__Required action__
In the material below, find the line with "Thanks Jim. We're" and the line with "So if someone". Output exactly those two lines and all lines between them, leaving out pictures.

__Data shown__
☆ ☆ ☆

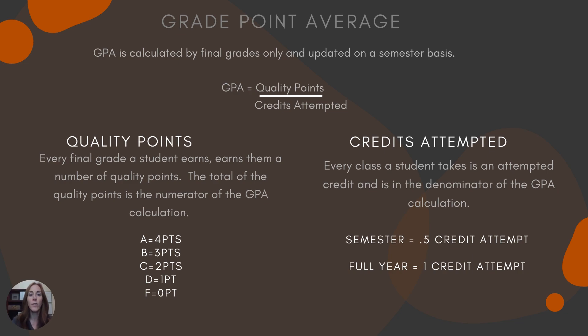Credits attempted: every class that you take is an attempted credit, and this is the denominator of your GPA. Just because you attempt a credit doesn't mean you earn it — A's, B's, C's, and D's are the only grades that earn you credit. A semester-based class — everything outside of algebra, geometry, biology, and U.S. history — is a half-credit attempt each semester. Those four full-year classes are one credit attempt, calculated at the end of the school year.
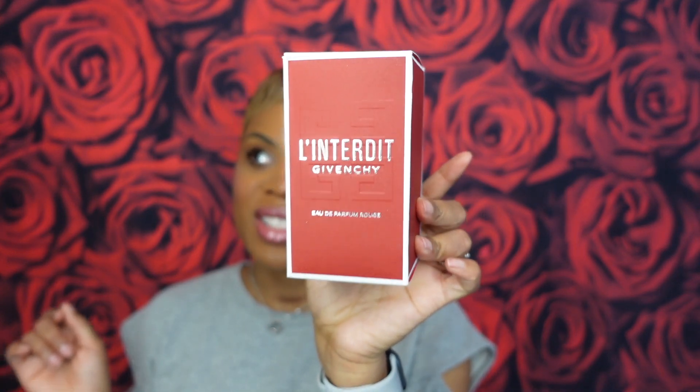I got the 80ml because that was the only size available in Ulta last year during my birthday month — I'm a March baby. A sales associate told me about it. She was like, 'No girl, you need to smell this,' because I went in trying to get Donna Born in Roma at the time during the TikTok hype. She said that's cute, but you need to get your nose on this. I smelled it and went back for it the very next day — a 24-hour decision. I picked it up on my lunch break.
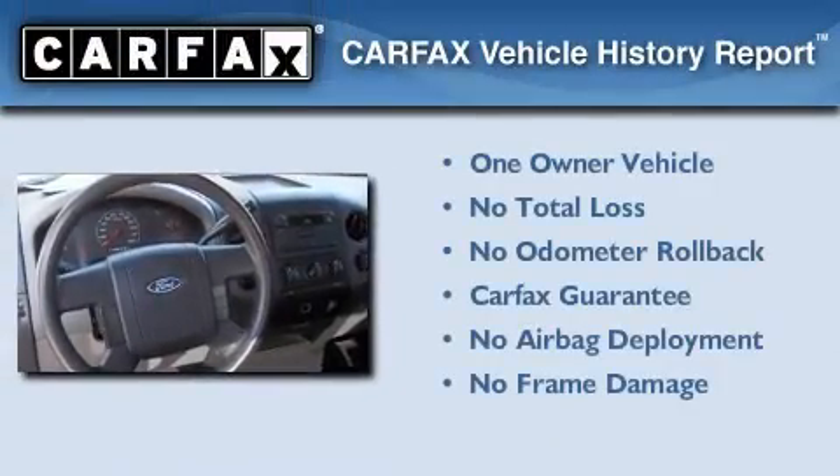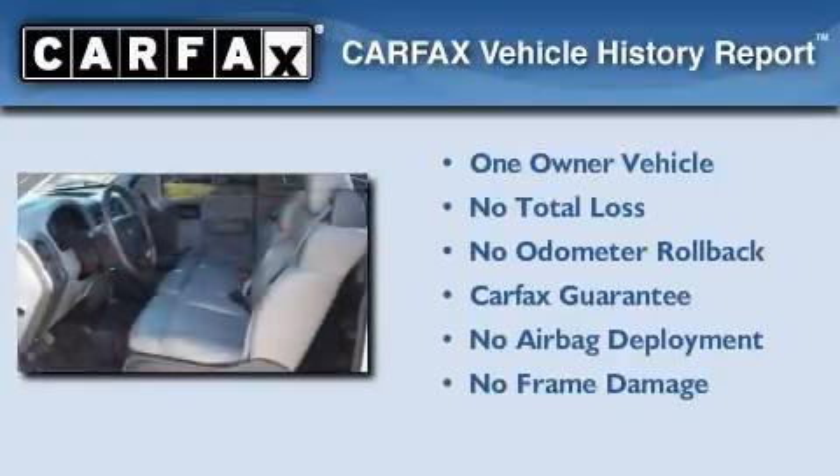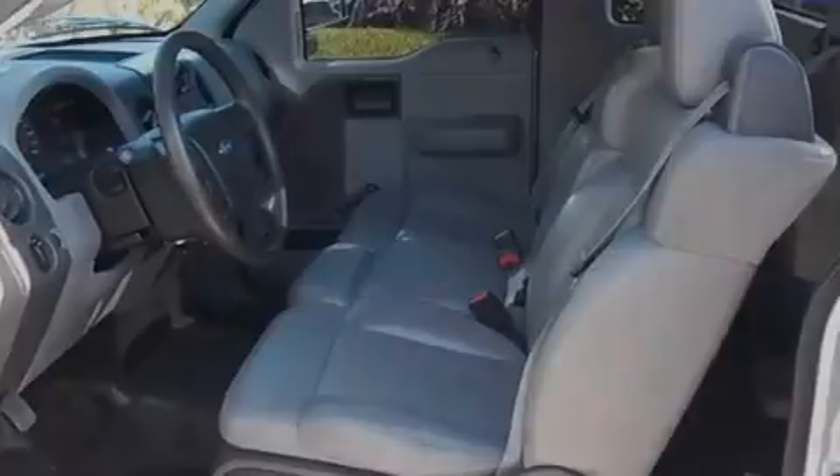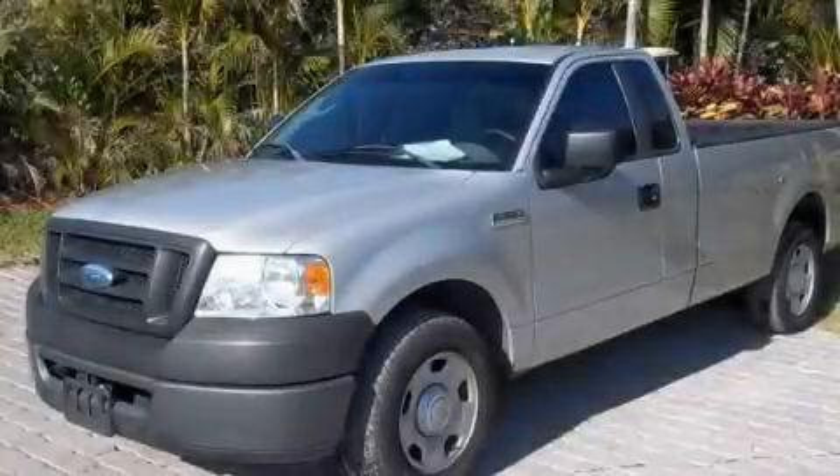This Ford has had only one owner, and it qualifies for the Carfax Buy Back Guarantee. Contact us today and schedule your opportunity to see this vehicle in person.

☆ ☆ ☆

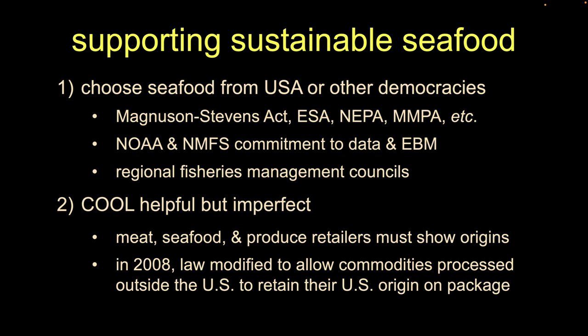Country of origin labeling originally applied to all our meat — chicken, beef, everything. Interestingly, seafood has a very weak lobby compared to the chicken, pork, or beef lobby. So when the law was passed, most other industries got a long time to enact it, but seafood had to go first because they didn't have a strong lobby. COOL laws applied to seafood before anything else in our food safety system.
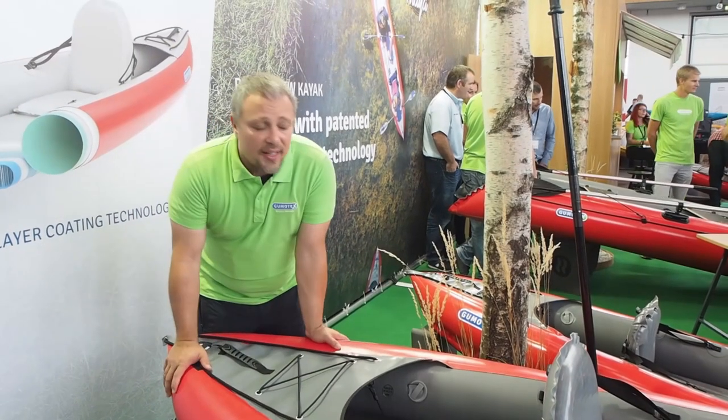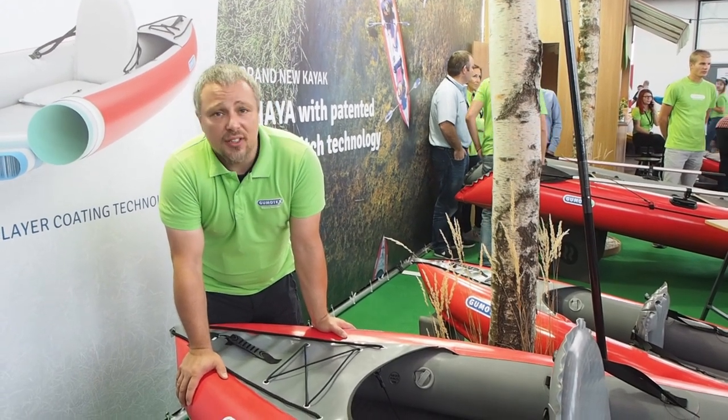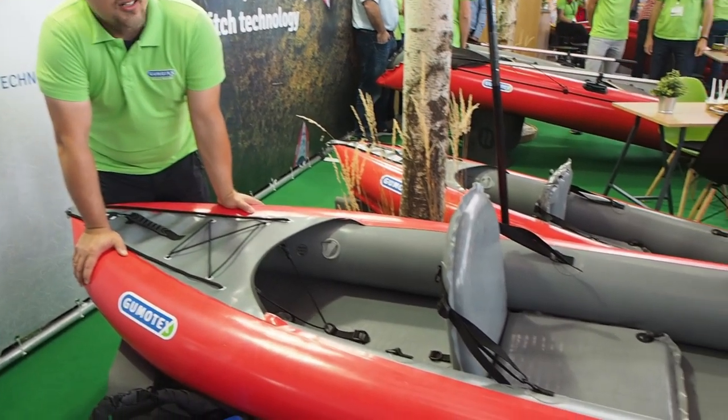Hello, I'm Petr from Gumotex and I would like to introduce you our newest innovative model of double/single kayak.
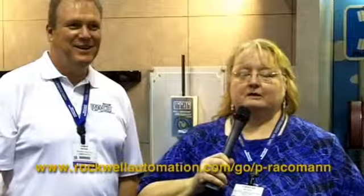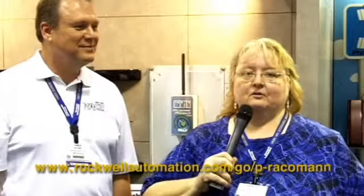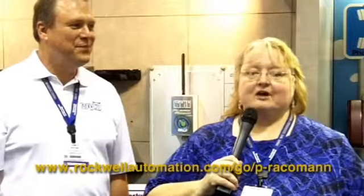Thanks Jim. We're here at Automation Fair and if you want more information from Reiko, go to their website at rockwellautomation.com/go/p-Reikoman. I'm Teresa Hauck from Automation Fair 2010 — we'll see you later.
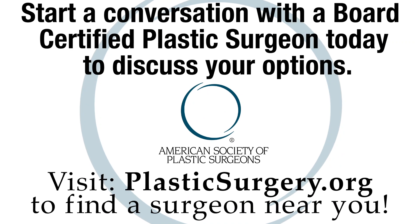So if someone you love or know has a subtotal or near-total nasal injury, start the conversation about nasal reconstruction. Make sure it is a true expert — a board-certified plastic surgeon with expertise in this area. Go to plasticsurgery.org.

☆ ☆ ☆

__The completed task__
Thanks Jim. We're here at Automation Fair and if you want more information from Reiko, go to their website at rockwellautomation.com/go/p-Reikoman. I'm Teresa Hauck from Automation Fair 2010 — we'll see you later.
So if someone you love or know has a subtotal or near-total nasal injury, start the conversation about nasal reconstruction. Make sure it is a true expert — a board-certified plastic surgeon with expertise in this area. Go to plasticsurgery.org.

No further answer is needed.